Recurrence rates for shifts of finite type

TL;DR

This paper investigates recurrence rates in mixing shifts of finite type with Gibbs measures, establishing conditions for measure zero or one of certain recurrence sets and identifying a new critical threshold, with applications to self-similar dynamics.

Contribution

It introduces new criteria for recurrence set measures and uncovers a previously unknown phase transition threshold.

Findings

Identified conditions for measure zero and one of recurrence sets.

Discovered a new critical threshold for recurrence measure transition.

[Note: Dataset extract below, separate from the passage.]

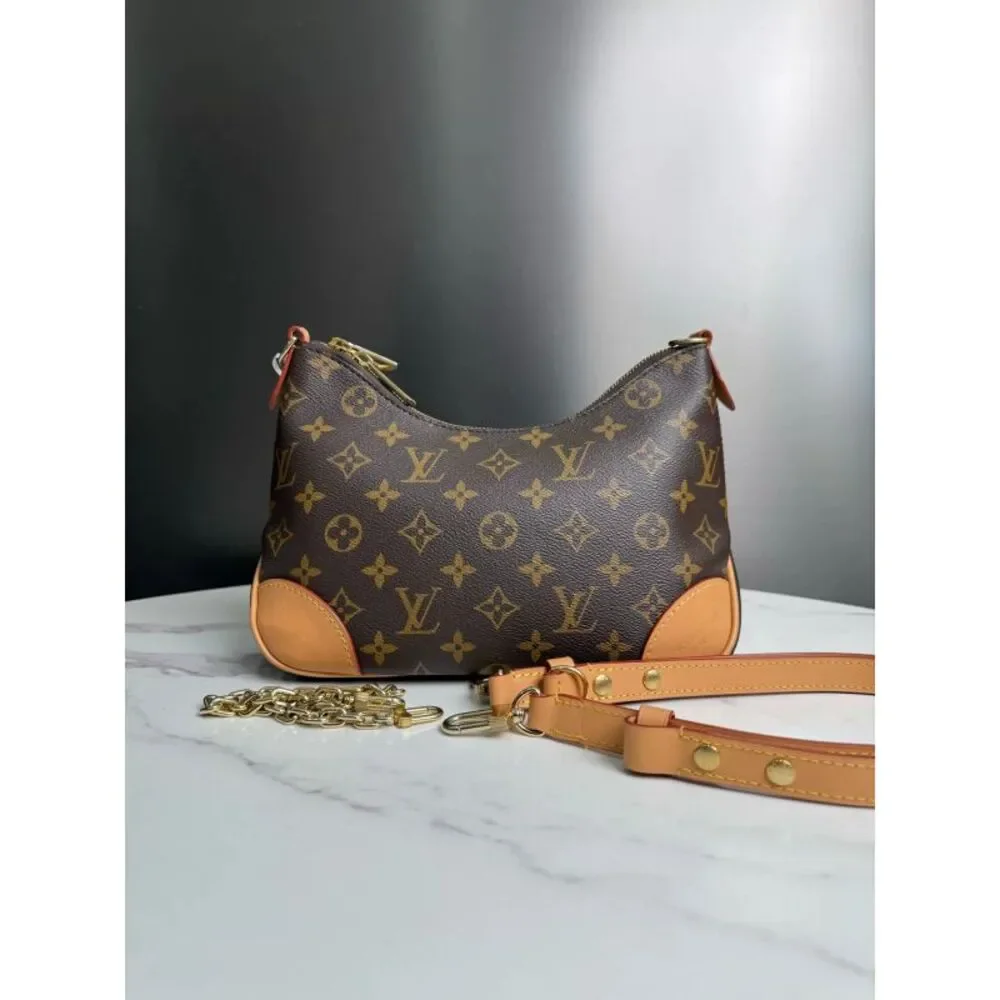 Louis Vuitton Women Pre-Loved Bag Very Good Condition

Applied results to dynamics on self-similar sets.

Abstract

Let $\Sigma_{A}$ be a topologically mixing shift of finite type, let $\sigma:\Sigma_{A}\to\Sigma_{A}$ be the usual left-shift, and let $\mu$ be the Gibbs measure for a H\"{o}lder continuous potential that is not cohomologous to a constant. In this paper we study recurrence rates for the dynamical system $(\Sigma_{A},\sigma)$ that hold $\mu$-almost surely. In particular, given a function $\psi:\mathbb{N}\to \mathbb{N}$ we are interested in the following set $$R_{\psi}=\{{\texttt i}\in \Sigma_{A}:i_{n+1}\ldots i_{n+\psi(n)+1}=i_1\ldots i_{\psi(n)}\textrm{ for infinitely many }n\in\mathbb{N}\}.$$ We provide sufficient conditions for $\mu(R_{\psi})=1$ and sufficient conditions for $\mu(R_{\psi})=0$. As a corollary of these results, we discover a new critical threshold where the measure of $R_{\psi}$ transitions from zero to one. This threshold was previously unknown even in the special case of a non-uniform Bernoulli measure defined on the full shift. The proofs of our results combine ideas from Probability Theory and Thermodynamic Formalism. In our final section we apply our results to the study of dynamics on self-similar sets.